### Given information
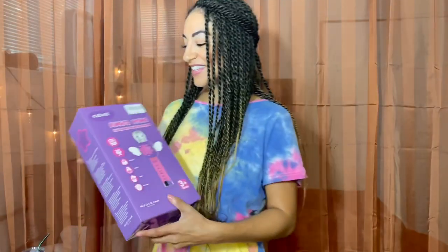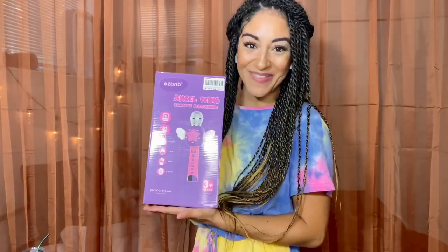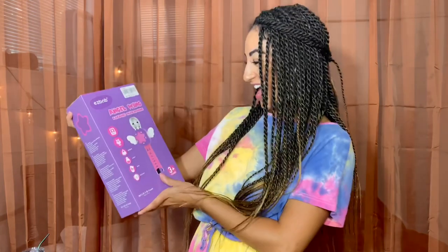So I picked something up and I wanted to try it out first before I sent it to them. The Angel Wing Karaoke Microphone. This is so adorable.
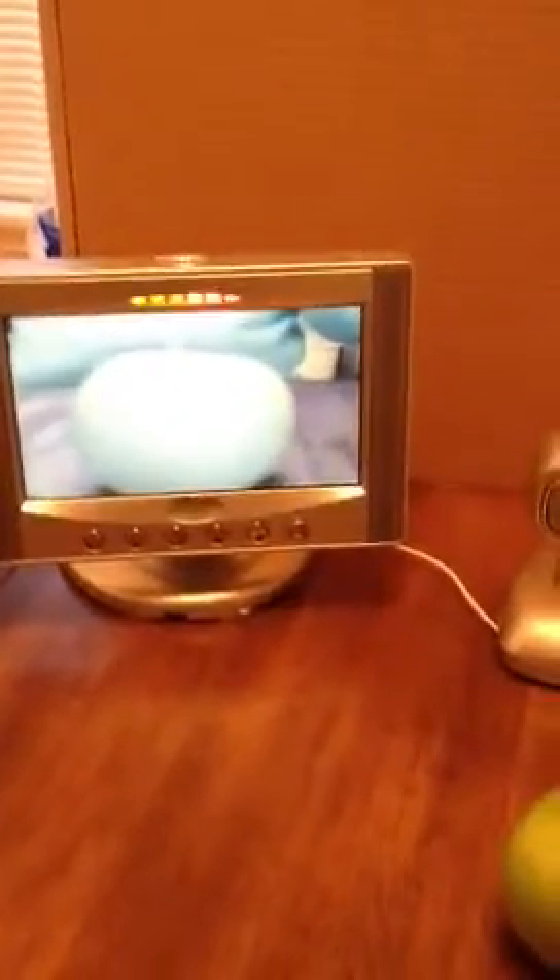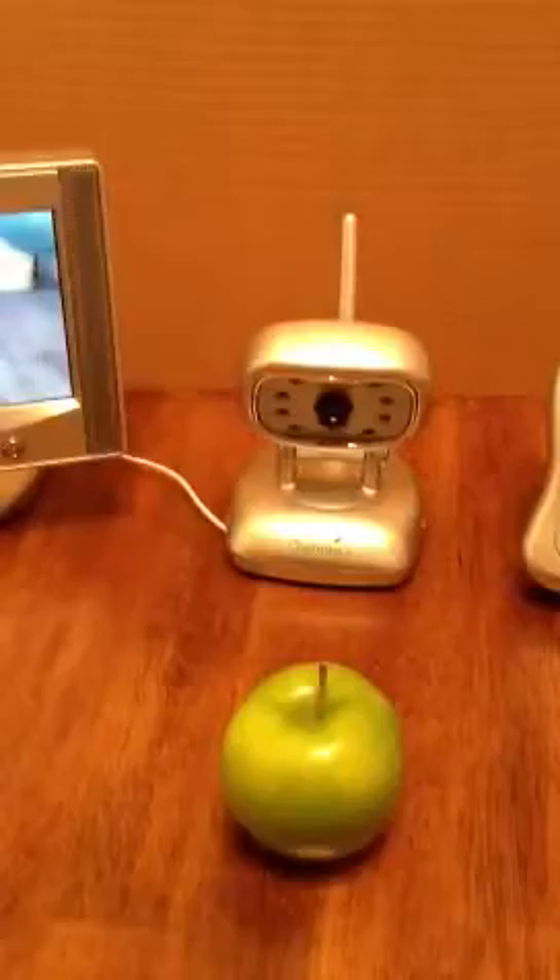Up for auction today is a Summer complete monitor set. It comes with a 7-inch monitor viewer, the camera, and the handheld unit. Three power cords are also included with the item.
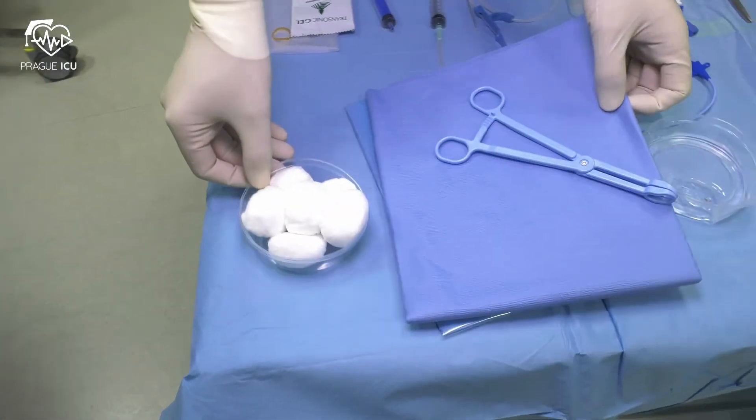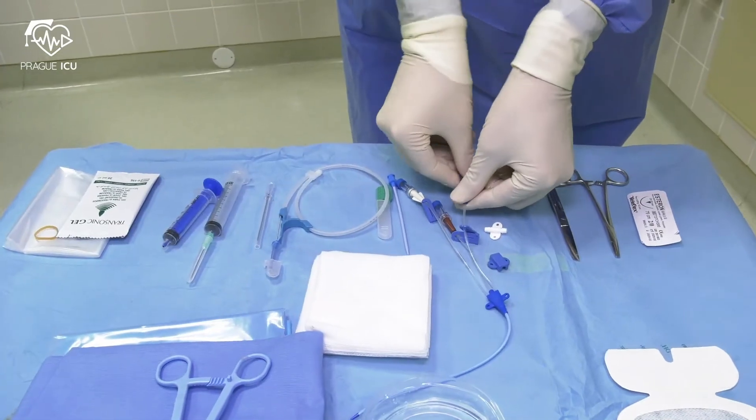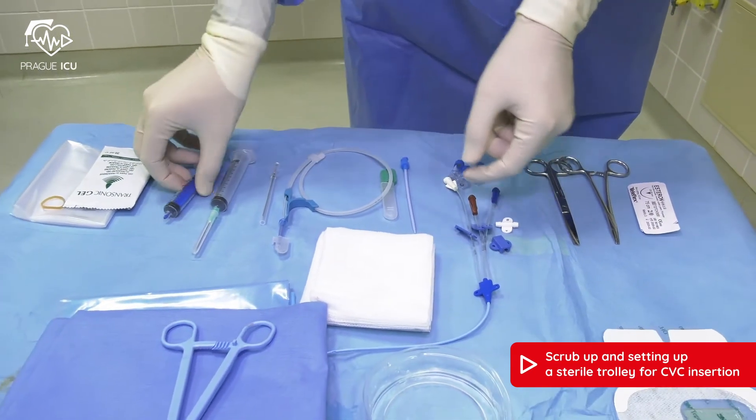Now we prepare the antiseptic solution. Put it directly on the cotton buds. Flush the lumens of the center line with saline.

### Exercise
Print every line of the data exactly. Pictures do not belong in the copy.

### Solution
So I picked something up and I wanted to try it out first before I sent it to them. The Angel Wing Karaoke Microphone. This is so adorable.
Up for auction today is a Summer complete monitor set. It comes with a 7-inch monitor viewer, the camera, and the handheld unit. Three power cords are also included with the item.
Now we prepare the antiseptic solution. Put it directly on the cotton buds. Flush the lumens of the center line with saline.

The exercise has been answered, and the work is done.